***** Information given *****
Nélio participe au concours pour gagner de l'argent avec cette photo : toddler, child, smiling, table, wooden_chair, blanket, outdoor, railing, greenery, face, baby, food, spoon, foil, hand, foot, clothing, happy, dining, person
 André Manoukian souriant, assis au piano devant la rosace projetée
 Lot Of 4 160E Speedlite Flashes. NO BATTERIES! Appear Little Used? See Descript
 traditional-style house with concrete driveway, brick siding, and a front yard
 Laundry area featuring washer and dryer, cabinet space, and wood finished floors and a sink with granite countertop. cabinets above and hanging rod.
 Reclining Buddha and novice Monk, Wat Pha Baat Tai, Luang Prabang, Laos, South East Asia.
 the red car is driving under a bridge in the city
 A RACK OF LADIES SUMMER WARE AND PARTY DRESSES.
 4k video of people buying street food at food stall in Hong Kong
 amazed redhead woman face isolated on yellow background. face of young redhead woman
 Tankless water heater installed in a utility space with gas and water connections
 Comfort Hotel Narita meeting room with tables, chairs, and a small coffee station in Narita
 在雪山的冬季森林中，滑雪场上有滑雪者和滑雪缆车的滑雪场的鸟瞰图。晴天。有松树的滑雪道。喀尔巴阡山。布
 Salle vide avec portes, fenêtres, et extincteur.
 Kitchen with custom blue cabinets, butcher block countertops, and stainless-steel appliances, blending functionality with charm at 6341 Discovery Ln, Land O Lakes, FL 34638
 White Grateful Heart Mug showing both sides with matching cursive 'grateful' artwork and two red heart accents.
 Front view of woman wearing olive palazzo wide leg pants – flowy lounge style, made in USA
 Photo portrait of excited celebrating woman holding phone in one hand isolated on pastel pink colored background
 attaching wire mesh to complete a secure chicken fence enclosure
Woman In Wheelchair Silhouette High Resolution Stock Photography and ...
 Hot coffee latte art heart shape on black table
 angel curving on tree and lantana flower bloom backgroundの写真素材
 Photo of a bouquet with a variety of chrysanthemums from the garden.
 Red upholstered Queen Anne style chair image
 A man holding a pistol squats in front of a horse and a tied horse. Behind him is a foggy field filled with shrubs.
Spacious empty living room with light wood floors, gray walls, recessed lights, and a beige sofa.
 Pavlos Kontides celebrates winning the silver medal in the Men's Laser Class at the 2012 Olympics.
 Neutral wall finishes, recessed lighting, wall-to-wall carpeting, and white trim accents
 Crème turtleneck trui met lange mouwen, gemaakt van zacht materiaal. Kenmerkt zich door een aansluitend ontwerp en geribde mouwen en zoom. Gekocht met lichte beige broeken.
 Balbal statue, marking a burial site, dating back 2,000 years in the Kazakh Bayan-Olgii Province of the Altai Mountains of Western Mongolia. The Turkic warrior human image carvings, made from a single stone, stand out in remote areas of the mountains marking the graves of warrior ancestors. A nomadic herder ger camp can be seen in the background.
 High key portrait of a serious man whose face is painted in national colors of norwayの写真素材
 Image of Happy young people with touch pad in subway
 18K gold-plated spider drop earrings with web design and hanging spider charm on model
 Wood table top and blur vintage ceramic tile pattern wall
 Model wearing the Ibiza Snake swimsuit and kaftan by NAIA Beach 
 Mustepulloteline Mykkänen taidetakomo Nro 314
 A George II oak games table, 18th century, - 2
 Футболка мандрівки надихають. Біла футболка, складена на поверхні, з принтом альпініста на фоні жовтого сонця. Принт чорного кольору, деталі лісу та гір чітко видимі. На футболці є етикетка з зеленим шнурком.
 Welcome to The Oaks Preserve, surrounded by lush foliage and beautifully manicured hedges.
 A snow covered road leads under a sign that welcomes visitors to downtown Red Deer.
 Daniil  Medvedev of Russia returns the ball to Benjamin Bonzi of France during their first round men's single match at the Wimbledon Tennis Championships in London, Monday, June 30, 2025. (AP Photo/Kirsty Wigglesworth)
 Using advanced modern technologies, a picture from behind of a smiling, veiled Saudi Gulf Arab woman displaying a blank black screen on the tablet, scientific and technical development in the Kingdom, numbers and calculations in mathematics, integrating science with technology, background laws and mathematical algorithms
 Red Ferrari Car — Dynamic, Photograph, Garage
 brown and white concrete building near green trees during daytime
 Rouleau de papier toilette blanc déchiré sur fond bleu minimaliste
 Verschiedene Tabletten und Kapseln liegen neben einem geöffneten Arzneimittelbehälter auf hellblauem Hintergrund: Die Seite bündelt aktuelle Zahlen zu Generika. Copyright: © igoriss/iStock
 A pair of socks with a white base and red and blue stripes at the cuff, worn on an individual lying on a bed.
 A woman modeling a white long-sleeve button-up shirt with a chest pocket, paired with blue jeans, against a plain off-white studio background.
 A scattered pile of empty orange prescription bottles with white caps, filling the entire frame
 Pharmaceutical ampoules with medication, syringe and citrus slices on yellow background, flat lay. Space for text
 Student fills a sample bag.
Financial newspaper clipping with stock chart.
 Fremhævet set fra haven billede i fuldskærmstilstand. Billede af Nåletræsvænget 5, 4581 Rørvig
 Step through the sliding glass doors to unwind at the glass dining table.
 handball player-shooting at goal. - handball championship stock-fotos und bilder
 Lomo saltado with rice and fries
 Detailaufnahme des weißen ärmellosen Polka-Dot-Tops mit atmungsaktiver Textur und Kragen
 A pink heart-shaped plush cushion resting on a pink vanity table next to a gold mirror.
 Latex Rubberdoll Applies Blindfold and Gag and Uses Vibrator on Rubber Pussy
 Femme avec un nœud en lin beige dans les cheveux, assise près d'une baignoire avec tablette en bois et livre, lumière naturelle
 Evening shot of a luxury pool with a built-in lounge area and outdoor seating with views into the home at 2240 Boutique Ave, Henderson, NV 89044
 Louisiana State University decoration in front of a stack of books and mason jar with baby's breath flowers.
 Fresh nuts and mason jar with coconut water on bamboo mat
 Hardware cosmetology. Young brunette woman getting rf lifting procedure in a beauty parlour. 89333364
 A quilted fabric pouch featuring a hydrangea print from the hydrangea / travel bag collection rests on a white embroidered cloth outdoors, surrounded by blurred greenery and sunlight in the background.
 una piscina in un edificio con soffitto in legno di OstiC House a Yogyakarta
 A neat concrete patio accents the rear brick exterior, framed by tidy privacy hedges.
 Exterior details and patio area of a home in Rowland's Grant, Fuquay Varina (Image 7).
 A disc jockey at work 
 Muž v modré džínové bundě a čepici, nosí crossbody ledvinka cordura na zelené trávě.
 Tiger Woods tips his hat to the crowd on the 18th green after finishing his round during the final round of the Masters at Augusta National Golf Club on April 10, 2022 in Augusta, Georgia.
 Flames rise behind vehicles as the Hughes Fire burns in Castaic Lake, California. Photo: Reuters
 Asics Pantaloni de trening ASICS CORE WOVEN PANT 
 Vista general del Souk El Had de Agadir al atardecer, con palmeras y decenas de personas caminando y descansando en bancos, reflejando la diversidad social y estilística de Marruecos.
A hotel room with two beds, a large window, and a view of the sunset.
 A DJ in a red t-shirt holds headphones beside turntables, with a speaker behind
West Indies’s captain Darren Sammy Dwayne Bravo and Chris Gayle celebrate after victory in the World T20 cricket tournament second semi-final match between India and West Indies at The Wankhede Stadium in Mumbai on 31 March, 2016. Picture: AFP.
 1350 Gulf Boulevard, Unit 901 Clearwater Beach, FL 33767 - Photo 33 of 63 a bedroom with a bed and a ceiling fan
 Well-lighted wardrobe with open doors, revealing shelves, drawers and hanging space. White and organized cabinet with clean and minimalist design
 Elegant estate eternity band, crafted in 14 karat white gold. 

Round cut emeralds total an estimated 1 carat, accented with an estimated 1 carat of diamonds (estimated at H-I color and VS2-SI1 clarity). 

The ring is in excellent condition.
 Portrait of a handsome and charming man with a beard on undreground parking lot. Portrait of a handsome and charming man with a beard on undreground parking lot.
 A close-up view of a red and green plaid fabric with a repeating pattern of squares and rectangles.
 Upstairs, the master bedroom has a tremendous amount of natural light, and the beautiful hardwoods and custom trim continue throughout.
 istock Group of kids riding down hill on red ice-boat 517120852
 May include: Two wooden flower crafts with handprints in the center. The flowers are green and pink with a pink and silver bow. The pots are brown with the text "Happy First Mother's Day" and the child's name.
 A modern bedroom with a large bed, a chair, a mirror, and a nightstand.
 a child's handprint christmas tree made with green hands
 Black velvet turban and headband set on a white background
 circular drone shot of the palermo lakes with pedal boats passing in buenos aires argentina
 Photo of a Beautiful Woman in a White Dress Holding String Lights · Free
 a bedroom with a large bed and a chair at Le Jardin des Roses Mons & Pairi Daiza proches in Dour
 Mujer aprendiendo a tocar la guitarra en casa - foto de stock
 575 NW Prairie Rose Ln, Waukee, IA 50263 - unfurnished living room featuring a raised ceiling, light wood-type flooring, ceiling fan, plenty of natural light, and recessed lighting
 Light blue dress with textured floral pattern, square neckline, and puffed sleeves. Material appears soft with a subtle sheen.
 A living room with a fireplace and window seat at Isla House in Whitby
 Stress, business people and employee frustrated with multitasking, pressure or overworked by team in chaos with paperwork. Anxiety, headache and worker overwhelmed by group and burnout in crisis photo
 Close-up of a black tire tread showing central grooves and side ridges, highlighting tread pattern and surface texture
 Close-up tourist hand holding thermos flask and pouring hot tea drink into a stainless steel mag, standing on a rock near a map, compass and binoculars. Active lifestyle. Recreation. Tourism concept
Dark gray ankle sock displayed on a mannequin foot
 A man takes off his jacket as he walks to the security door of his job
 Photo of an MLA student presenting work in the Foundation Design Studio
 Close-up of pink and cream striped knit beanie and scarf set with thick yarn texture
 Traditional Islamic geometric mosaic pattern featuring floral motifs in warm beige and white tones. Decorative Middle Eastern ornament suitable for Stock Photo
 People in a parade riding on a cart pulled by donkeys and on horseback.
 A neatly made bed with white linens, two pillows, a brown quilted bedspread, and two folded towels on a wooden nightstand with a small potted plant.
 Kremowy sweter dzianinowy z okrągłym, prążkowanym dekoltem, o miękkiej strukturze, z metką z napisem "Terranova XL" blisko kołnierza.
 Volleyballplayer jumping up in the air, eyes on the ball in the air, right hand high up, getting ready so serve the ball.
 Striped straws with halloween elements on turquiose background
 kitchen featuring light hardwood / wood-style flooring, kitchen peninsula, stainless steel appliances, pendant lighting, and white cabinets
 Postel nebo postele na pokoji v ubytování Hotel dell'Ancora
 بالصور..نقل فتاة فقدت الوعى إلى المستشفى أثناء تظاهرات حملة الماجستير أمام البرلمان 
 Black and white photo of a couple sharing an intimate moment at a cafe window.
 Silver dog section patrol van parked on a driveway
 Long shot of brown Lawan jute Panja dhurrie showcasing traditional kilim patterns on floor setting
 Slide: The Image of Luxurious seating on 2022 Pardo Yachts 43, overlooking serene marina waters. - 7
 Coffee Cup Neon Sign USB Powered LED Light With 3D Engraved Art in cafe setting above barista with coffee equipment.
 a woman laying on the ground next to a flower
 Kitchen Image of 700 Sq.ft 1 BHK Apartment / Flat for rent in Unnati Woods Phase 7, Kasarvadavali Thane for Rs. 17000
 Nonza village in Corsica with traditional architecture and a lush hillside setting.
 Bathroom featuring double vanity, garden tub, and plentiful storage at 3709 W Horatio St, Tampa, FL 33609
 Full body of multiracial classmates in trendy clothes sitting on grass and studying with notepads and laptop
*****
What is being asked: Reprint exactly the lines above that start at the one with "Welcome to The" and end at the one with "A snow covered", keeping both and adding none.

Problem solution:
 Welcome to The Oaks Preserve, surrounded by lush foliage and beautifully manicured hedges.
 A snow covered road leads under a sign that welcomes visitors to downtown Red Deer.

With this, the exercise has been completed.